__Problem to solve__
Retype the whole listing, please, keeping every line exact and dropping the pictures.

__Data extract__
::::
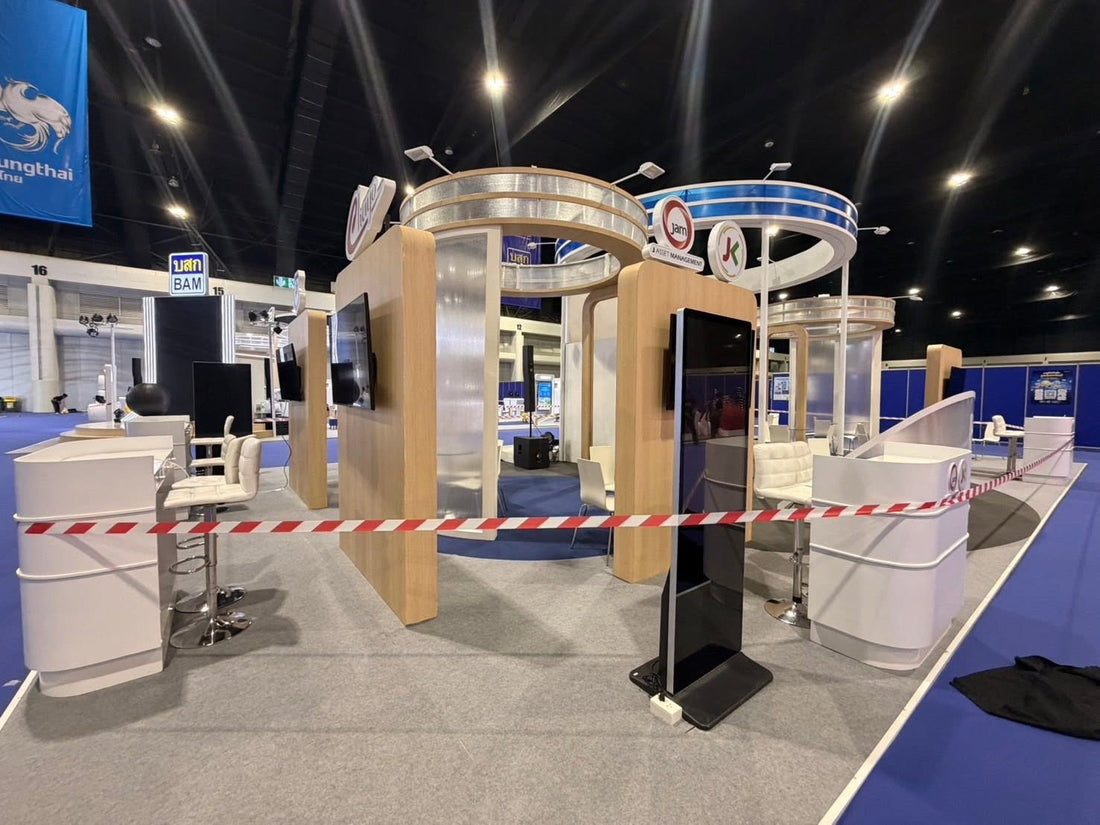 Why Professional LED Arm Lights Are Essential for Exhibition Lightboxes and Trade Show Displays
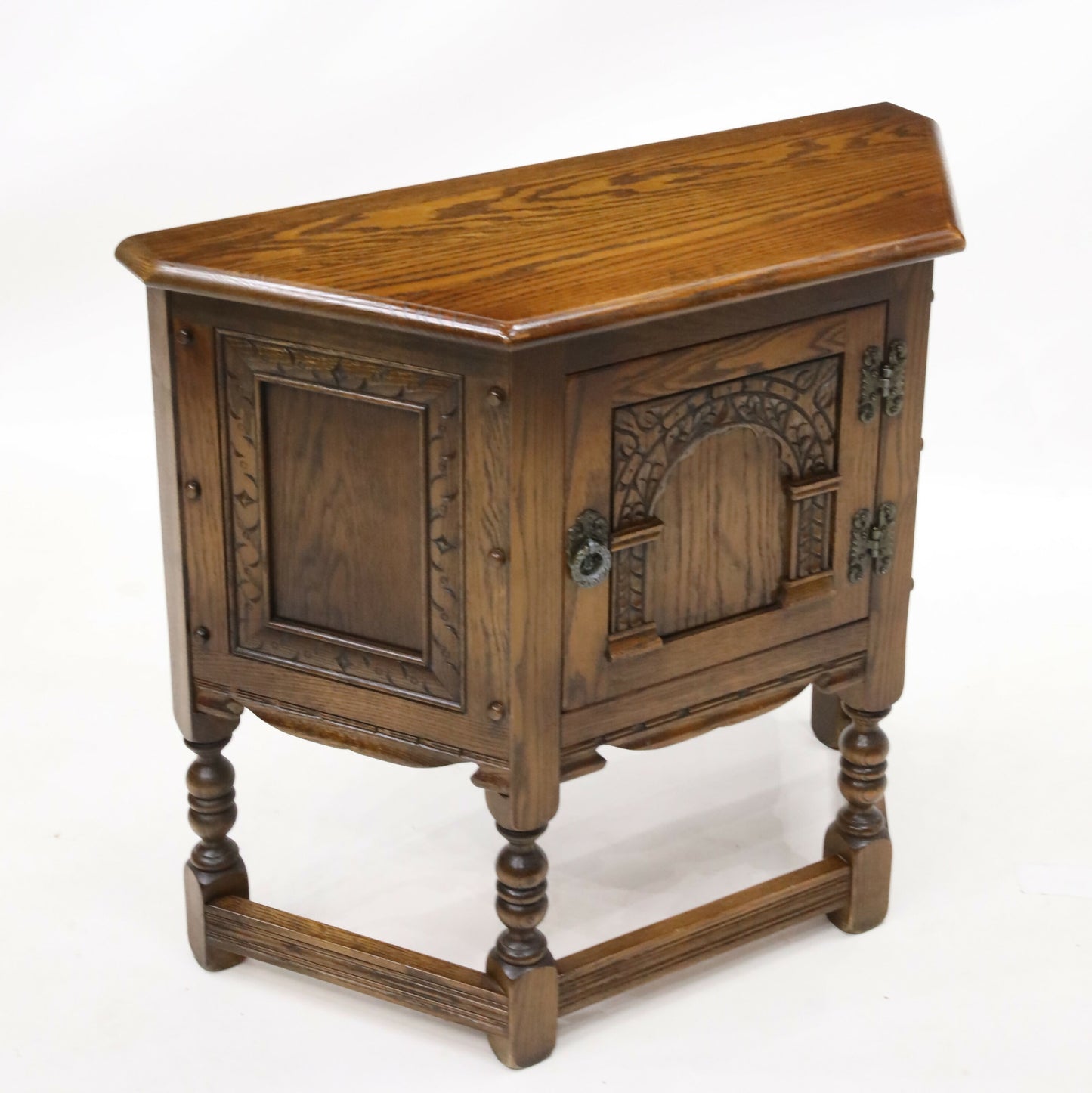 Old Charm Canted Table/Cupboard Light Oak Finish #1434 FREE UK Delivery*. SBR9688/2110D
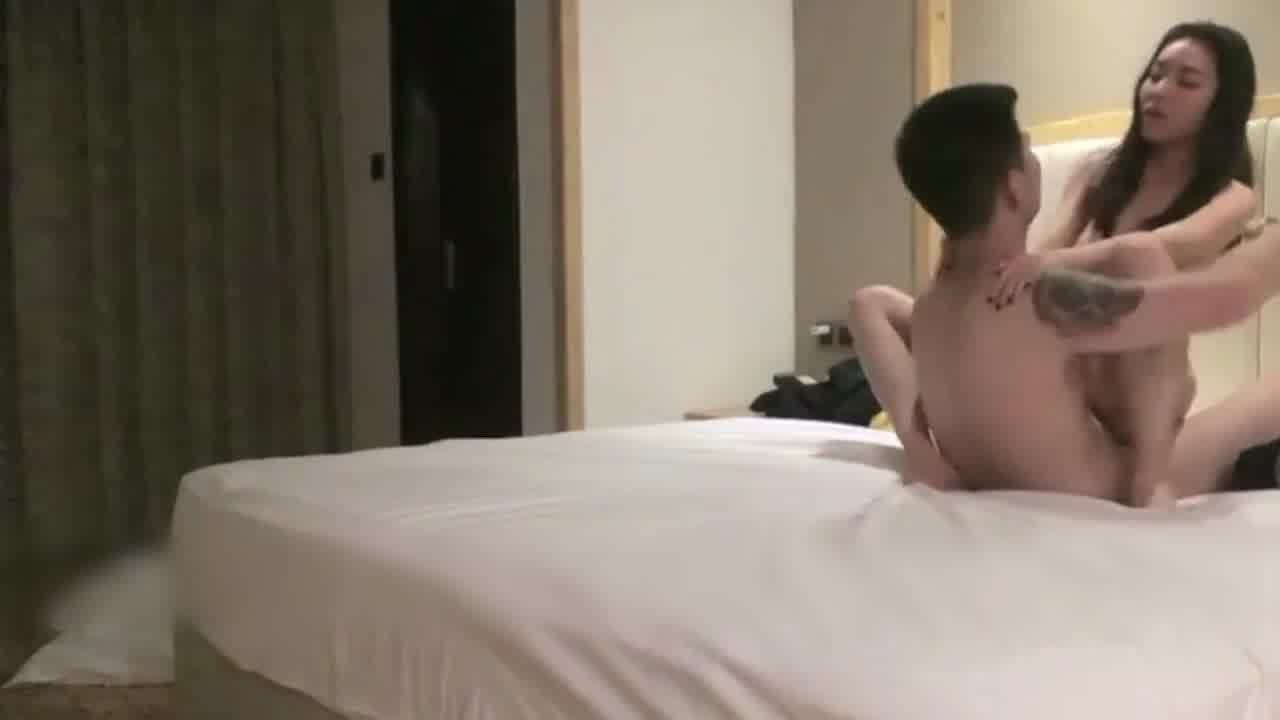  真实字幕对话，大女学生循循渐进脱去衣服 无套内射！ 的剧照7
::::
__Answer box__
 Why Professional LED Arm Lights Are Essential for Exhibition Lightboxes and Trade Show Displays
 Old Charm Canted Table/Cupboard Light Oak Finish #1434 FREE UK Delivery*. SBR9688/2110D
  真实字幕对话，大女学生循循渐进脱去衣服 无套内射！ 的剧照7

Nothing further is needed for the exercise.